The expansion device 375 may be provided in the form of a simple Joule-Thomson valve or it may have higher complexity. Regardless of the specific implementation of the expansion device 375, its function is to allow feeding of the mixed phase pressurized unstabilized hydrocarbon stream 240 at said feed pressure into the stabilizer column 400.
In the example shown in FIG. 1, the expansion device 375 actually comprises three Joule-Thomson valves (a first Joule-Thomson valve 370 and first and second feed Joule-Thomson valves 371 and 372), and an inlet separator 360. The inlet separator may be configured in the form of a drum. The inlet separator 360 on an upstream side thereof is separated from the evaporator 310 by the first Joule-Thomson valve 370. On a downstream side the inlet separator 360 is separated from the stabilizer column 400 via both the first and second feed Joule- Thomson valves 371 and 372. The first feed Joule-Thomson valve 371 is configured in a liquid hydrocarbon feed line 251, which extends between a bottom outlet in the inlet separator 360 and a third inlet device 430 into the stabilizer column 400. The third inlet device 430 is located gravitationally below the first inlet device 410 and above the first vapour/liquid contacting device 470. The second feed Joule-Thomson valve 372 is configured in a vapour hydrocarbon feed line 255, which extends between a vapour outlet in the inlet separator 360 and the first inlet device 410 into the stabilizer column 400.

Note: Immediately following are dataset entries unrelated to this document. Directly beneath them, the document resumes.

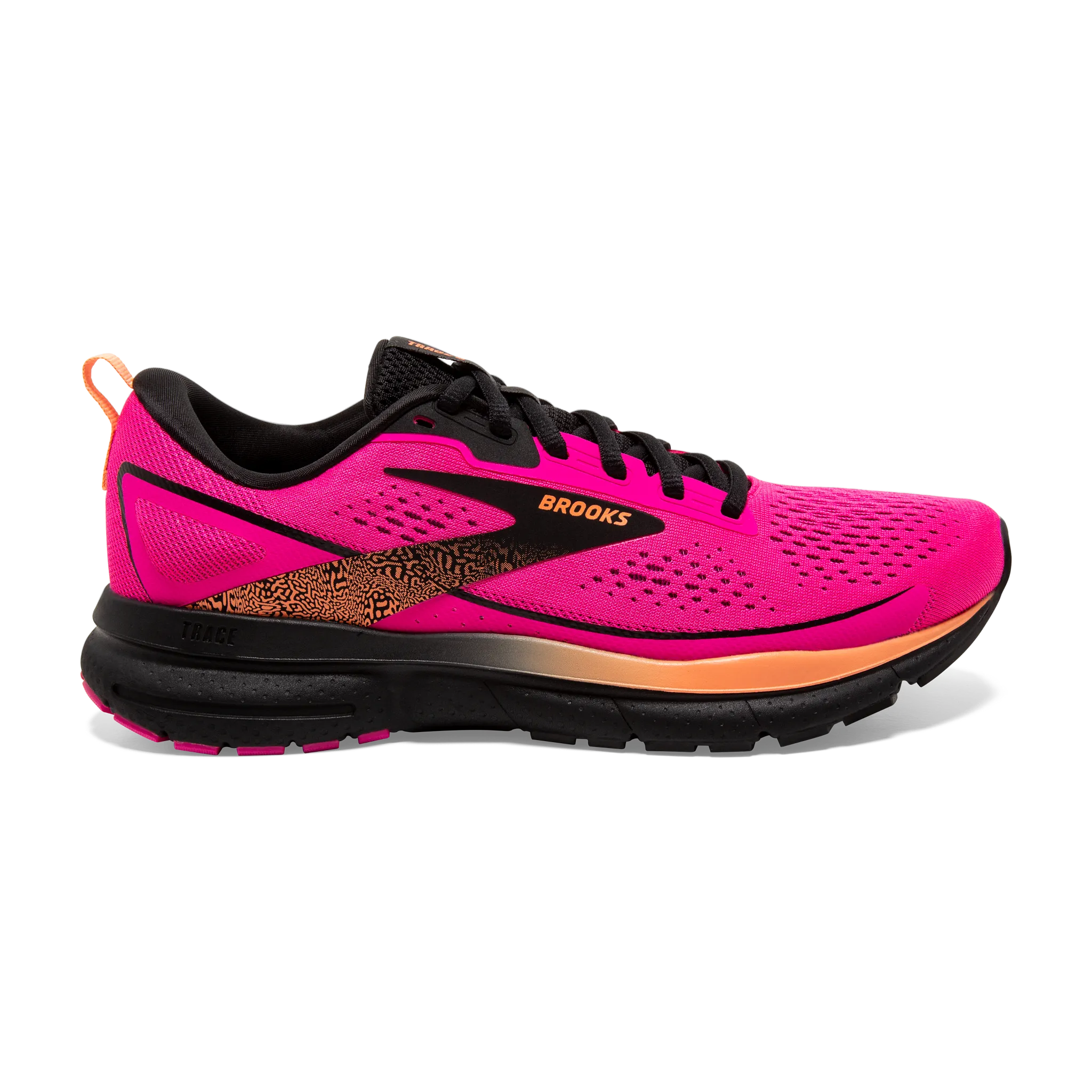 curved track running wear Women's Trace 3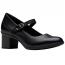 Clarks Shaya Jane Mary-Jane Pump Black (Women's)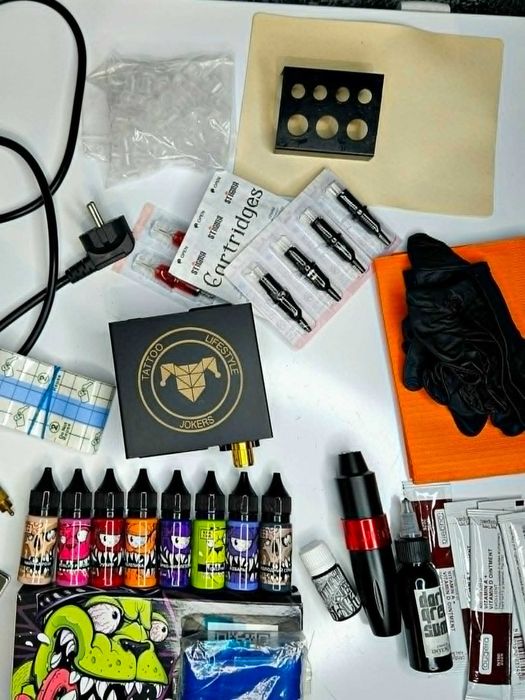 Tattoo pen kit set tatuat stare foarte buna
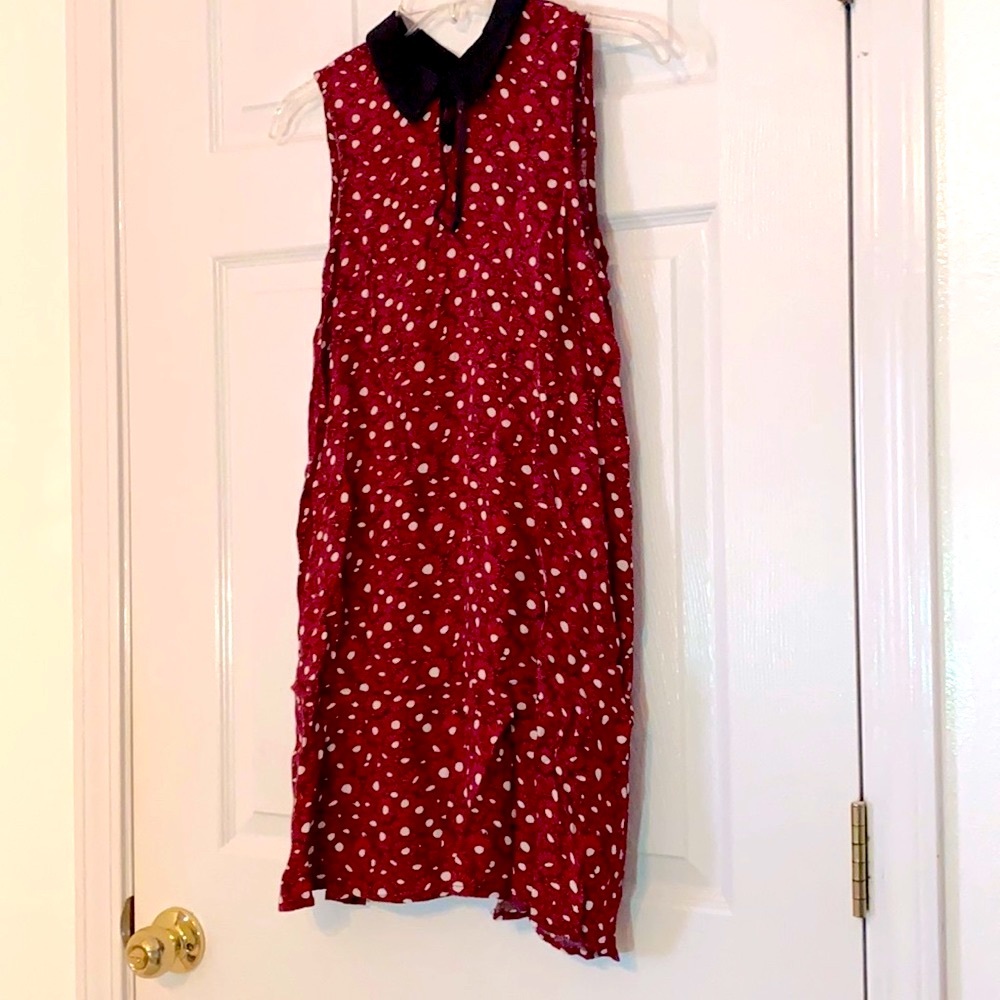 Red dress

An overhead compressor system 320 is arranged in the vapour discharge line 270, for compressing the vapour phase being discharged from the top end 440 of the stabilizer column 400 to an auxiliary pressure, thereby forming a compressed overhead vapour stream 280. The auxiliary pressure is higher than the feed pressure. An overhead line 280 is connected to the vapour discharge line 270 via the compressor system 320. The overhead compressor system 320 may further be provided with one or more compressor suction drums (not shown) to protect any overhead compressor in the overhead compressor system 320 against possible liquids that might be present in the vapour discharge line 270.
In the embodiment of FIG. 1, the overhead compressor system 320 comprises a plurality (in this specific case the plurality is formed by two) overhead compressors (320 a, 320 b) arranged in parallel operation with each other. This allows to selectively take one of the overhead compressors off-line during operation in turn-down, which allows for a reduction of anti-sure recirculation rate and consequently a reduction in power consumption during operation under turn-down conditions. Upstream of the overhead compressor system 320, the vapour discharge line 270 is split over a number of vapour discharge part lines (270 a, 270 b) by a vapour splitter 275, whereby each vapour discharge part line supports a part stream. Each vapour discharge part line feeds into one of the overhead compressors (320 a, 320 b) whereby each of the overhead compressors is addressed by one of the vapour discharge part lines. At least one overhead compressor is provided per part stream. This way the vapour phase being discharged from the top end 440 of the stabilizer column 400 can be divided into two or more part streams, whereby each of the part streams is passed through one of the overhead compressors in the overhead compressor system 320. An equal number of compressed overhead vapour part streams 280 a, 280 b is thus produced at the auxiliary pressure as there are vapour discharge part streams.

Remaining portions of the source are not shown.